- Title page
- Foreword from the Minister of State Services
- Introduction from the State Services Commissioner
- Chief Executive Statement of Responsibility
- Nature and Scope of Functions
- Strategic Direction
- Operating Intentions
- Central Agencies' Shared Agenda
- Managing in a Changeable Operating Environment
- Assessing Organisational Health and Capability
Managing in a Changeable Operating Environment
The State Services Commission is continuously scanning our environment as part of our role in improving the performance of the State Services. Our regular interactions with State Services agencies, our central agency partners and Government all help us to understand the context in which we operate.
There are approximately 215,000 State servants, comprising 10% of New Zealand's workforce and responsible for around 31% of New Zealand's Gross Domestic Product. They are spread across 35 Public Service departments, approximately 200 other agencies and close to 2,600 school boards of trustees.
These numbers illustrate the influence that high performing State Services have on the overall economic and social well-being of New Zealand. Today, high performance has to be achieved in a more challenging operating environment, as detailed below.
The key consideration in the State Services' current operating environment is the economic crisis facing the world economy. Falling growth rates, lower commodity prices, falling demand for our exports, rising unemployment and expected falls in annual tax revenues mean that the State Services need to work more efficiently and effectively within existing baselines.
New Zealanders expect more responsive, timely, convenient and personalised services delivered by the private sector and are increasingly expecting the same levels of high quality, value for money services from the State Services.

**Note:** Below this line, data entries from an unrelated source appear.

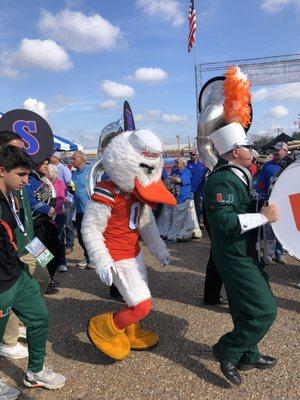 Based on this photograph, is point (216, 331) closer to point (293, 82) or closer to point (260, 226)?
point (260, 226)

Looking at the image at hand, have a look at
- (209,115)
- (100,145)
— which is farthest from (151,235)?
(100,145)

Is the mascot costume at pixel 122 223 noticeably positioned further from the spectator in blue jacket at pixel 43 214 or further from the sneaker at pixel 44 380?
the spectator in blue jacket at pixel 43 214

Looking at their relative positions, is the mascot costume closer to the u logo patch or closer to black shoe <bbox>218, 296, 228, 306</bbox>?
the u logo patch

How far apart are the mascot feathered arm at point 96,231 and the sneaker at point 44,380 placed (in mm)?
828

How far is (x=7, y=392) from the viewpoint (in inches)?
103

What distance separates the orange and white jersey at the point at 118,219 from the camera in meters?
3.03

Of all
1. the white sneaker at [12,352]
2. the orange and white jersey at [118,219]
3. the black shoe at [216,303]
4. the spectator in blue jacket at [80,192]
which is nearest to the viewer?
the orange and white jersey at [118,219]

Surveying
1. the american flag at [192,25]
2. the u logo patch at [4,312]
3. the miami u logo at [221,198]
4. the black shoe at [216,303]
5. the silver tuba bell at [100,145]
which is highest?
the american flag at [192,25]

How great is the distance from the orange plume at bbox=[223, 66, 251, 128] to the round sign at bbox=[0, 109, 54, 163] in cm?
175

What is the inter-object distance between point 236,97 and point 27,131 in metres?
1.99

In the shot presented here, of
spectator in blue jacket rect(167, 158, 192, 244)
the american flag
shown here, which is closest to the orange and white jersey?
spectator in blue jacket rect(167, 158, 192, 244)

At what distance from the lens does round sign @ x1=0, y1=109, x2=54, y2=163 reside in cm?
372

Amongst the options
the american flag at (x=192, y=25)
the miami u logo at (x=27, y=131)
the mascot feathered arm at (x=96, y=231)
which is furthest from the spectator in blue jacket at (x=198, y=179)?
the american flag at (x=192, y=25)

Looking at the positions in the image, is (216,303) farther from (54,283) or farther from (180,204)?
→ (180,204) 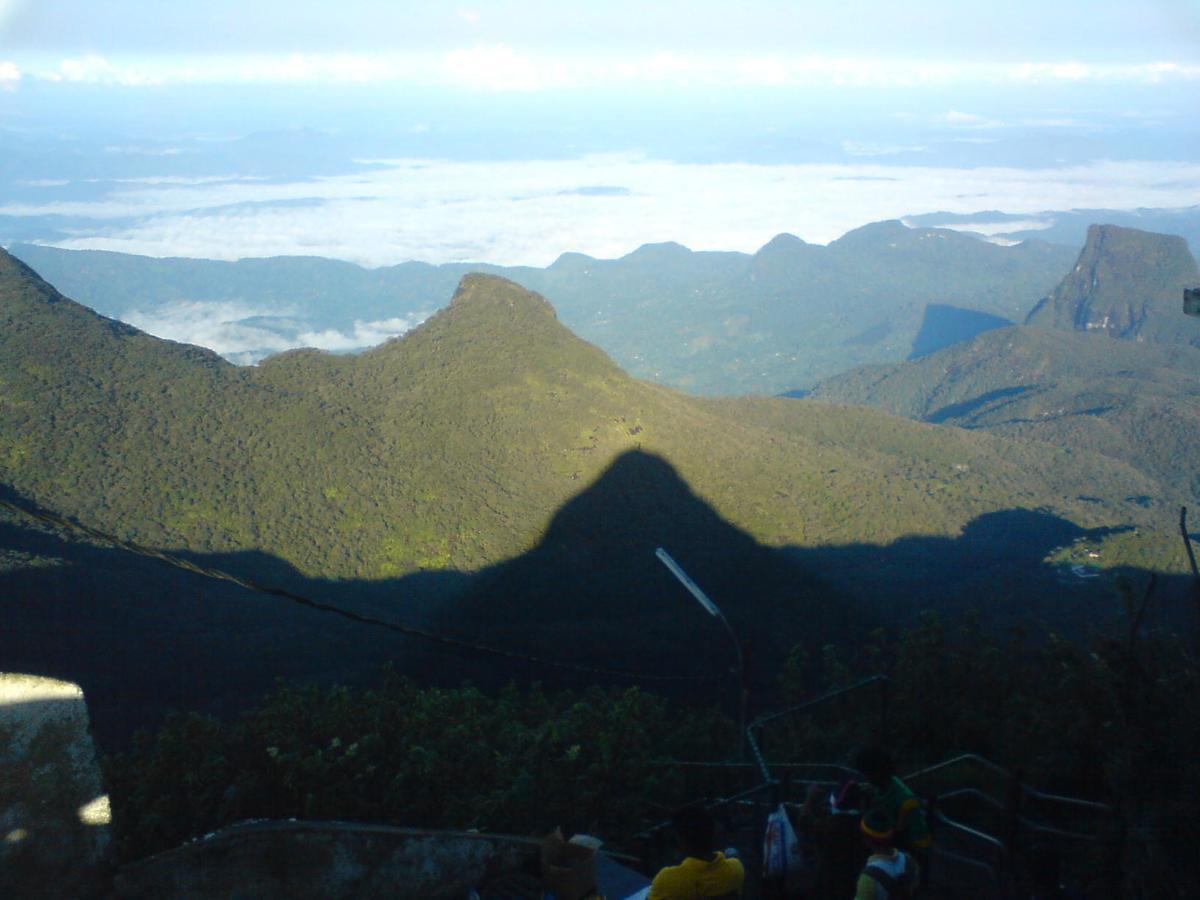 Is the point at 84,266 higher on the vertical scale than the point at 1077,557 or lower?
higher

Demographic trends indicate that over the next 50 years the proportion of older New Zealanders will increase, as will the proportion of our population who are of Maori, Pacific or Asian ethnicity. Our increasingly diverse population will require changes to employment and people management practices and further consideration of how to deliver services in a targeted and effective way to customers with increasingly different needs.
Continued technological change and shifting expectations from both employees and citizens mean that government agencies need to make smart choices in the use of technology as both an enabler and as a service delivery channel. Web-based and wireless technologies allow people to communicate and access information and services when they want and how they want.
The Government expects an increasingly professional and apolitical State Services where advice is sought and received in a free and frank way. It is looking to the State Services to deliver better front line service delivery with a focus on results and real value for money. Agencies will need to adjust their focus to ensure these priorities are delivered.
The Commission's senior management team undertakes a monthly scan of all Commission-wide strategic risks. High level risks are managed directly by a member of the senior management team. Lower level risks are managed by third tier managers, with oversight from relevant senior management team members.
We have identified a number of strategic risks within our operating environment, including:
- the risk to employee engagement from organisational change
- the risk of poor compliance with contract management policies.
In addition to its standard internal management controls and risk management processes, the Commission is implementing an externally-chaired Risk and Audit Committee in line with best practice guidance from the Office of the Auditor-General. The Committee will provide independent checks and balances over the operation of the Commission's risk management and internal control frameworks.